The Civil Society Institute press release is available here

A new national survey shows overwhelming and bipartisan support for clean energy policies that go far beyond what is currently in place, especially in Kentucky.

More than 80 percent of the 1,019 people asked agreed with the statement: “The time is now for a new, grassroots-driven politics to realize a renewable energy future.” The favorable response included 69 percent of Republicans, 84 percent of Independents, and 95 percent of Democrats. The survey further defined that policy as “one that protects public health, promotes energy independence and the economic well being of all Americans.”

“It is apparent that Americans overwhelmingly favor clean and renewable energy,” said Steve Sanders, director of the Appalachian Citizens Law Center, which co-released with the Civil Society Institute and Kentuckians For The Commonwealth (KFTC) the survey findings in Kentucky. “For Kentucky, that means we must plan now for a future which is much less dependent on coal as a source of electric power.

Nearly as many respondents (75 percent) agreed that “Congress and state public utility commissions that regulate electric utilities should put more emphasis on renewable energy and increased energy efficiency … and less emphasis on major investments in new nuclear, coal and natural gas plants.” This included 58 percent of Republicans, 84 percent of Independents, and 86 percent of Democrats.

“These results show that people all over the country want clean energy and it’s time for Kentucky to catch up with other states to make cleaner energy affordable and accessible to people who want to invest in that,” said Amanda Fuller, a KFTC member in Louisville.

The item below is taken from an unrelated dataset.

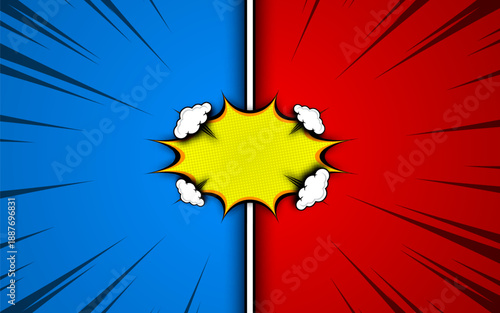 Comic versus pop art battle background. Vector illustration.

“Renewable Portfolio Standards and feed-in tariffs are two initiatives that we can do right now that don’t cost our state any money,” Fuller pointed out. Those initiatives were included in the Clean Energy Opportunity Act, legislation (HB 167) that received a hearing but no vote in the recently adjourned session of the Kentucky General Assembly.

Seventy-seven percent of respondents agreed that “(t)he energy industry's extensive and well-financed public relations, campaign contributions and lobbying  machine is a major barrier to moving beyond business as usual when it comes to America’s energy policy.”

"Dirty energy companies and their lobbyists like to marginalize those of us who are working towards a cleaner energy future for the U.S. But the verdict of this new survey is clear: We are the majority, not the fringe," said Heather White, general counsel for the Environmental Working Group. "The truth is that those who are clinging to America's dirty energy past are the people who are way out of step with the American political mainstream."

“We’re losing jobs,” Fuller said, noting that the contractor who installed solar electric and solar hot water systems on her house is challenged to find enough work to stay in business. “There are skilled people who have the technical backgrounds who are out of work because we don’t have the policies that support clean energy.”

An independent study released in January concluded that passage of the Clean Energy Opportunity Act would result in 28,000 new jobs in Kentucky over the next 10 years.

The clean energy survey was conducted by phone March 22-25 by ORC International for the Civil Society Institute. Respondents were 506 men and 513 women 18 years of age and older.